_Task to complete:_ From the entries below, retype only the lines from the one with "LEGO Harry Potter" through the one with "Таланты и поклонники", exactly as written.

*** Record extracts Section Begins ***

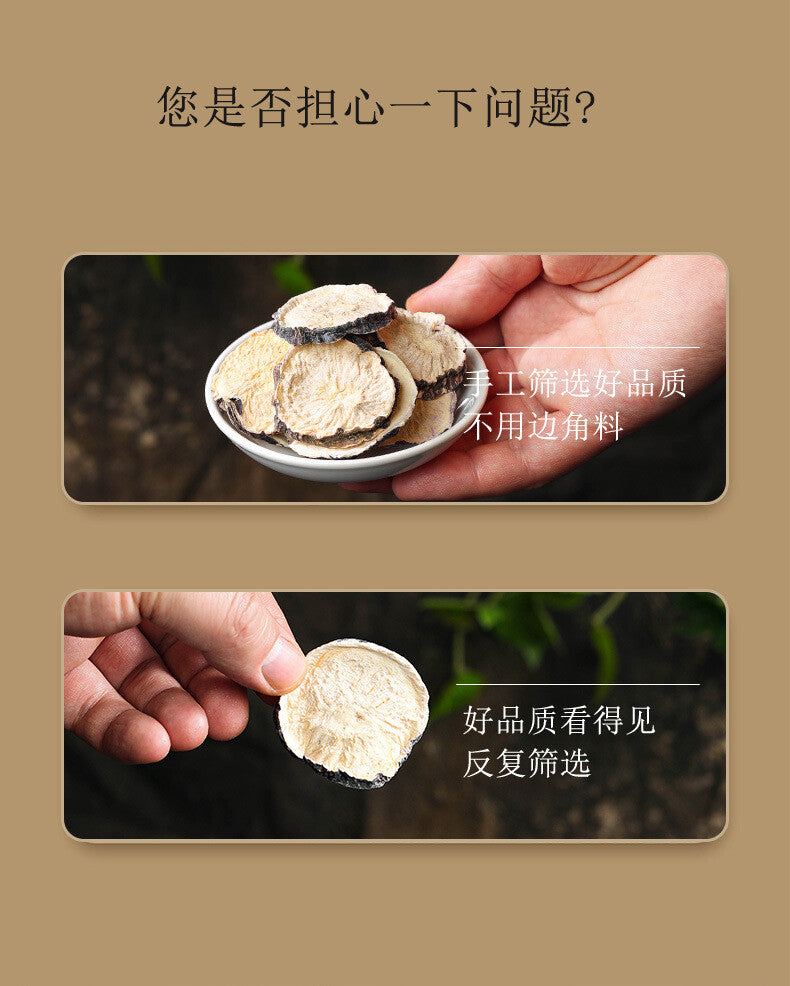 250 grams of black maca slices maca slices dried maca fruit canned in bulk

*** Record extracts Section Ends ***
*** Record extracts Section Begins ***

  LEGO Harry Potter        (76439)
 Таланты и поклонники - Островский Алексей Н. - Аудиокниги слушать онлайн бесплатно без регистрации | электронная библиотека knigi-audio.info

*** Record extracts Section Ends ***
*** Record extracts Section Begins ***

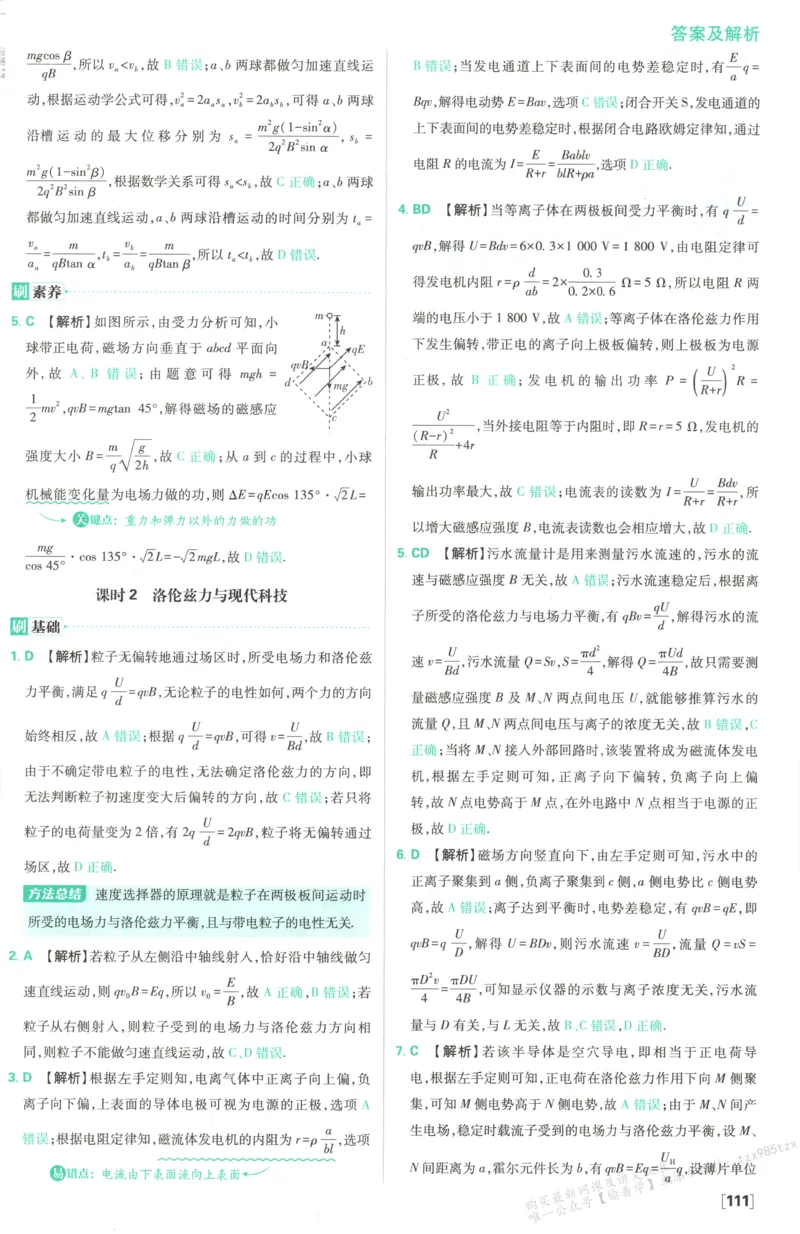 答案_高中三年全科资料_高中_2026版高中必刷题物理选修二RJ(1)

*** Record extracts Section Ends ***

_Finished exercise:_
  LEGO Harry Potter        (76439)
 Таланты и поклонники - Островский Алексей Н. - Аудиокниги слушать онлайн бесплатно без регистрации | электронная библиотека knigi-audio.info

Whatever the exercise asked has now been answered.